Начнем с диалога каждого члена общества с качественно иным. Здесь можно выделить два больших этапа. На первом архаический крестьянин с порога отвергает все иноземное как несущее погибель. Прежде всего, он лишен интеллектуального и психологического потенциала, необходимого для освоения новых вещей и технологий, не в состоянии осознать их выгоды и привлекательность. И, вообще, ориентирован на воспроизводство статичного космоса в качественно неизменном виде, а не на рецепцию любых инноваций. В его сознании доминирует сакральный прецедент. Человек исходит из того, что «отцы наши не глупее нас были, а без этих новшеств обходились».
К началу второго этапа в сознании общества накапливаются изменения достаточные для размывания психологических барьеров и массового освоения новых технологий. И это освоение начинается. Теперь же традиционно ориентированный человек не склонен предаваться рефлексии по поводу инкорпорирования вещей и процессов из мира в котором скончалось должное. Диалог чаще всего носит малоосознанный характер. Не слишком идеологизированный обыватель осваивает новое, поскольку оно, как правило, удобнее и эффективнее. Привыкая к инновациям он не замечает сложноуловимой трансформации собственного сознания, осваивающего вместе с новыми навыками культурные смыслы, положенности и установки.

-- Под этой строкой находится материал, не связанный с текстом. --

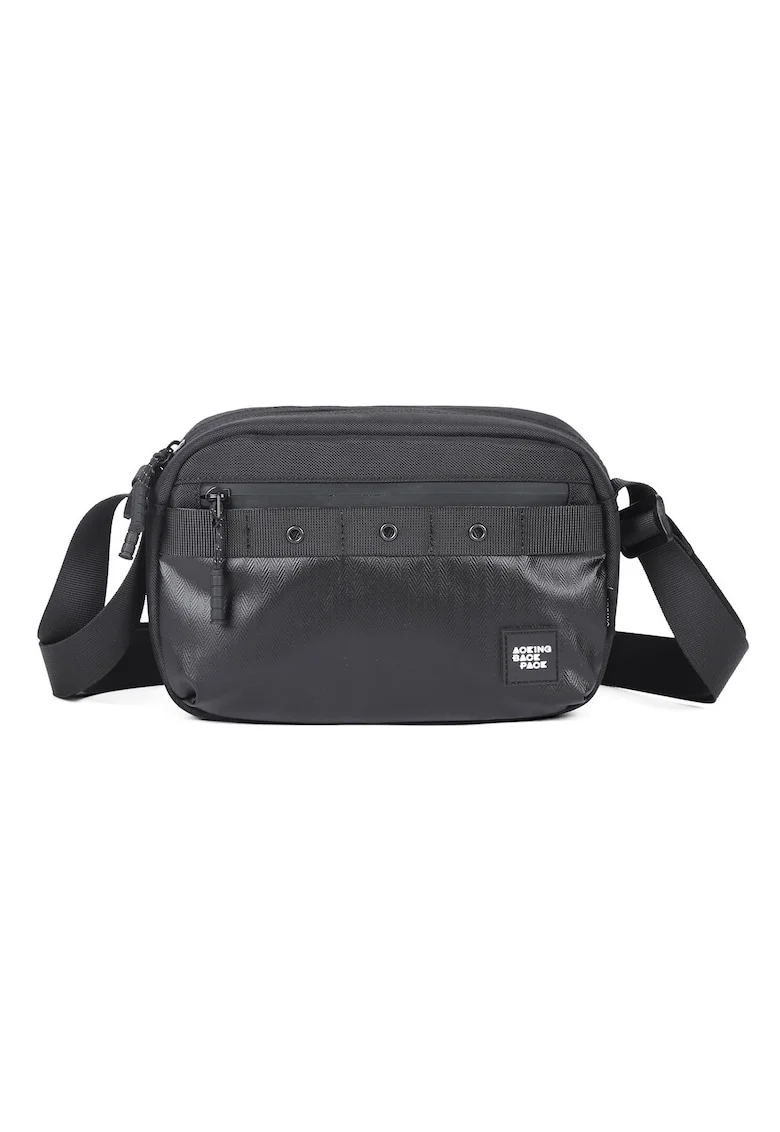 Geanta crossbody unisex din material textil, Negru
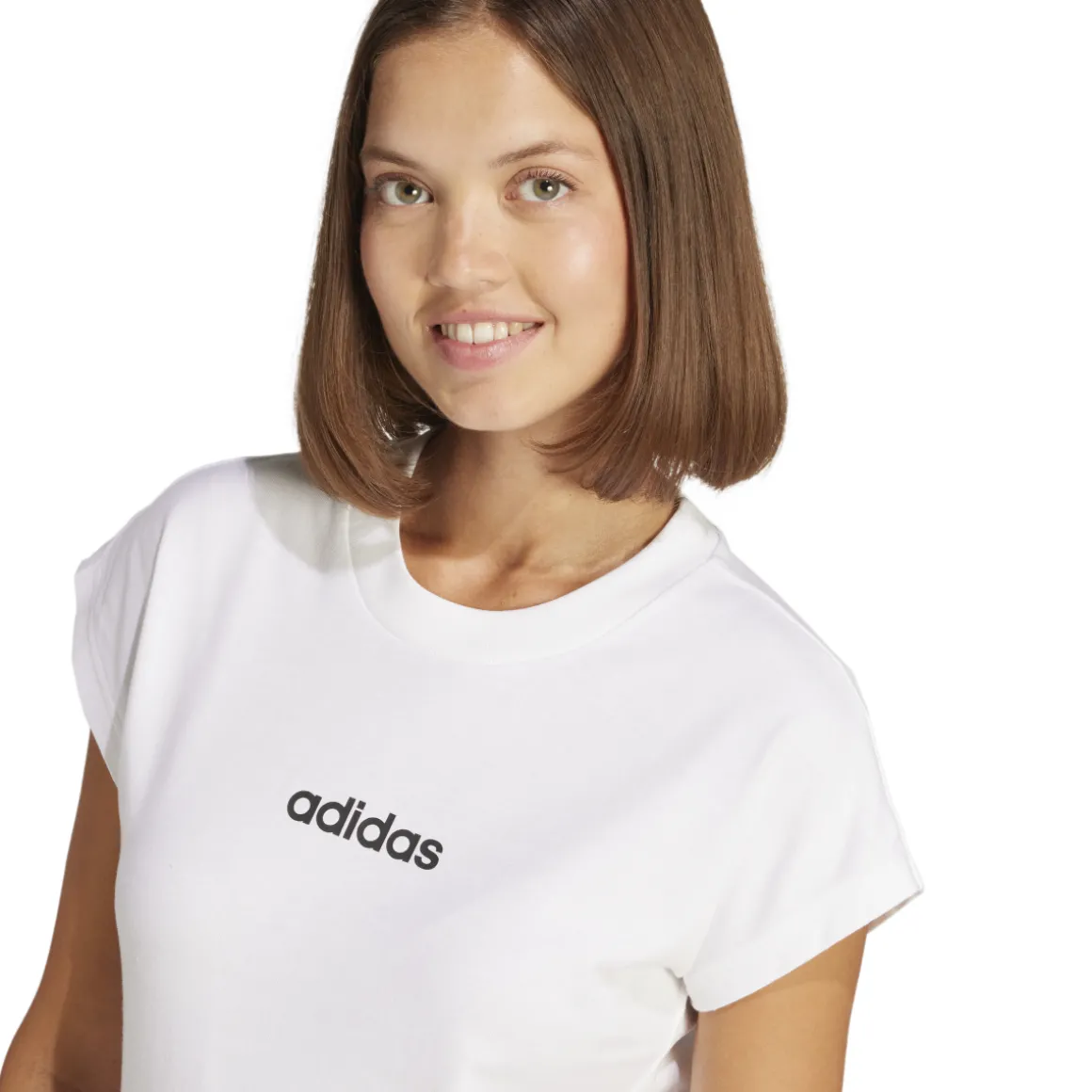 T-shirt bianca da Donna in cotone con logo adidas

Второй диалог разворачивают идеологизированные слои элиты, и он охватывает склонную к рефлексии часть общества. В этой полемике сталкиваются силы осознающие, или, по крайней мере, чувствующие, культуротворческие потенции заимствований. В ходе такого диалога само общество расслаивается. На одном полюсе оказываются носители традиционно-изоляционистской позиции. На другом — динамических ориентаций. Это диалог высоко продуктивен как фактор динамики сознания и интересен для исследователя.